- Opening Delimiter -

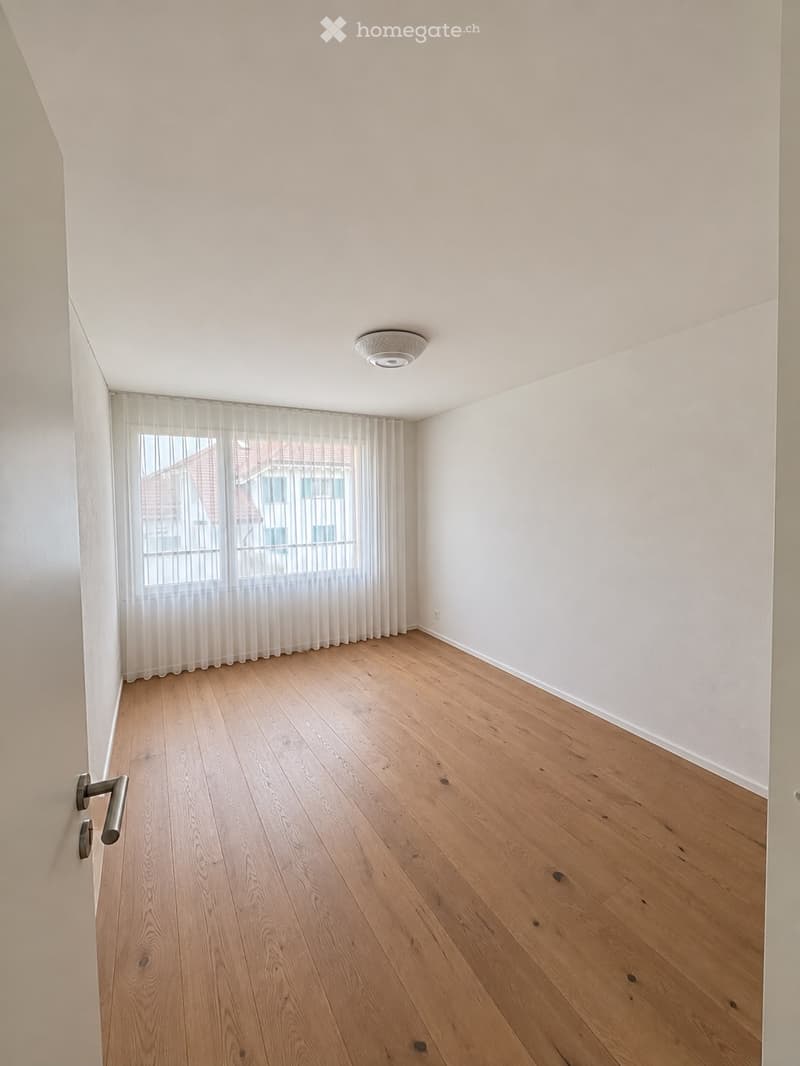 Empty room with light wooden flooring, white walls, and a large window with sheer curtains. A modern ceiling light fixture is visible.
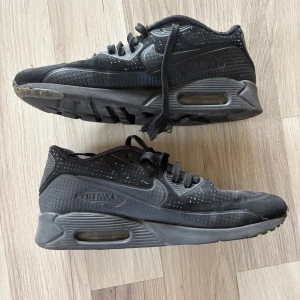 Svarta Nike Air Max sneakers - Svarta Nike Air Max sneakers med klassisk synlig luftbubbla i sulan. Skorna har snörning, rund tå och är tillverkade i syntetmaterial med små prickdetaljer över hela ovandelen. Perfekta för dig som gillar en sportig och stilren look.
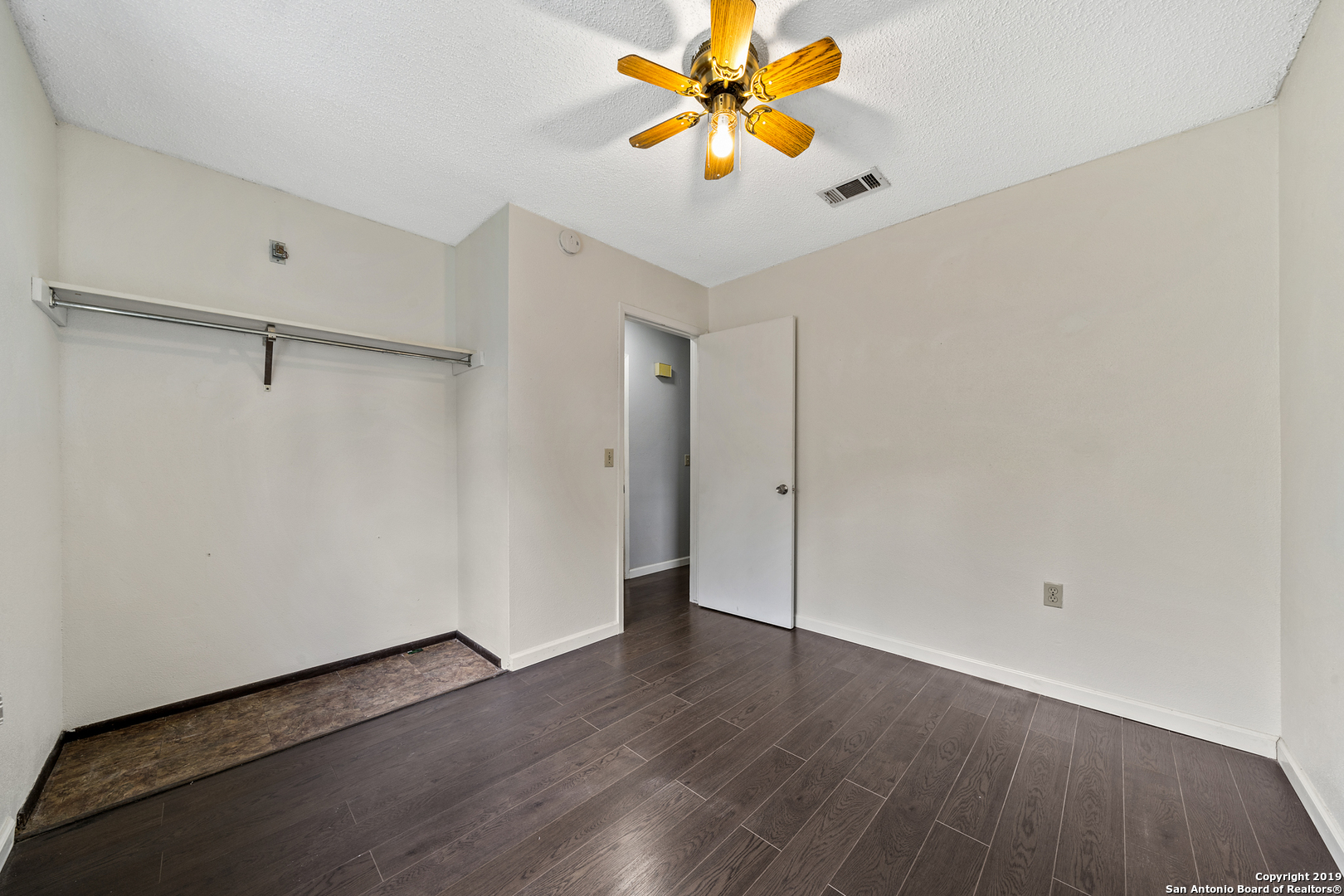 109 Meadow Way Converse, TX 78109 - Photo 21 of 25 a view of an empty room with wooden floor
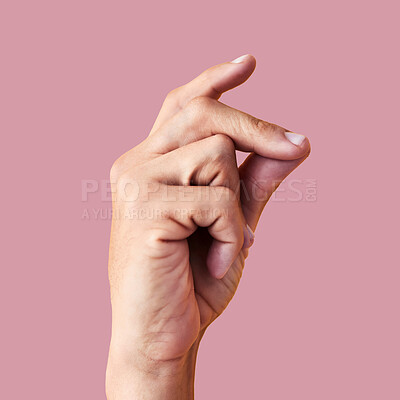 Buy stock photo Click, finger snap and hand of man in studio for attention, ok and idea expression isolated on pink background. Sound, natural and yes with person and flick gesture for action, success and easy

- Closing Delimiter -
- Opening Delimiter -

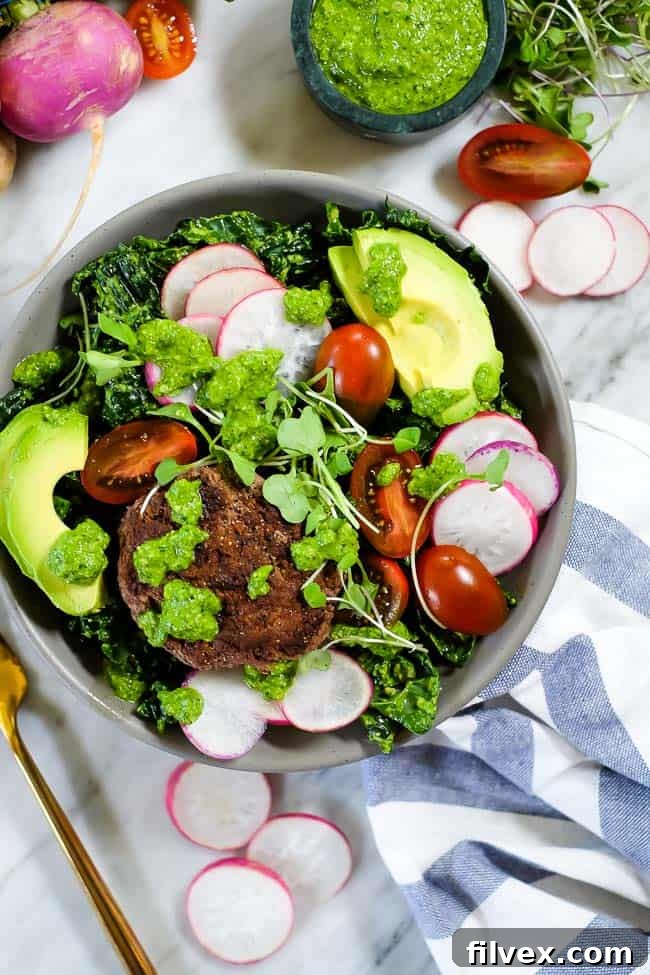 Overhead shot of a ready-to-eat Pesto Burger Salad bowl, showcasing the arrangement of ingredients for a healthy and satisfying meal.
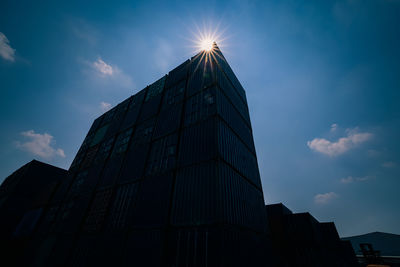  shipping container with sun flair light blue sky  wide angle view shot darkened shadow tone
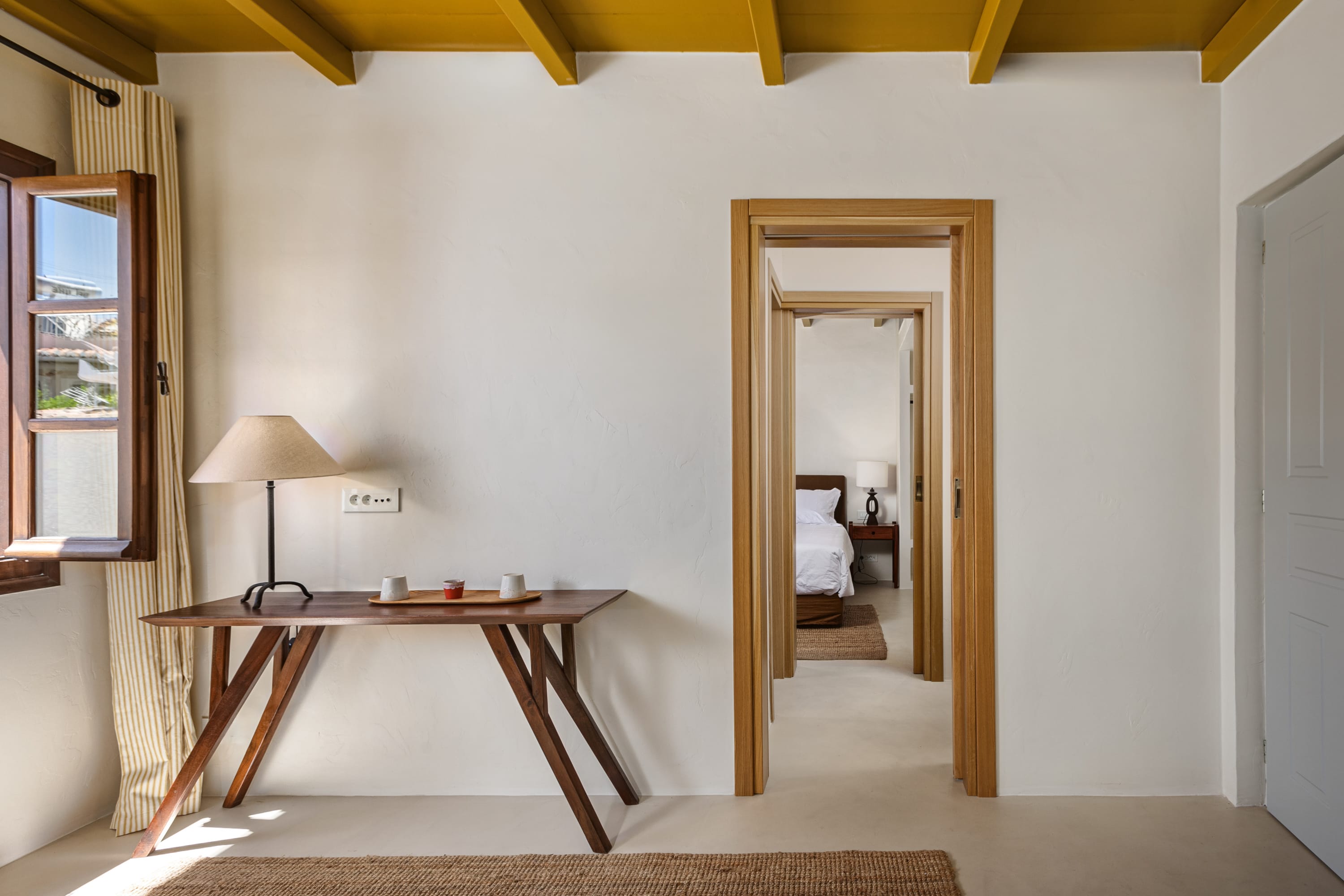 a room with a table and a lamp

- Closing Delimiter -

What you have to do |
What is wanted is an exact copy of the lines above from the one containing "Svarta Nike Air Max sneakers - Svarta" through the one containing "Buy stock photo", with no pictures in it.

Expected output |
 Svarta Nike Air Max sneakers - Svarta Nike Air Max sneakers med klassisk synlig luftbubbla i sulan. Skorna har snörning, rund tå och är tillverkade i syntetmaterial med små prickdetaljer över hela ovandelen. Perfekta för dig som gillar en sportig och stilren look.
 109 Meadow Way Converse, TX 78109 - Photo 21 of 25 a view of an empty room with wooden floor
 Buy stock photo Click, finger snap and hand of man in studio for attention, ok and idea expression isolated on pink background. Sound, natural and yes with person and flick gesture for action, success and easy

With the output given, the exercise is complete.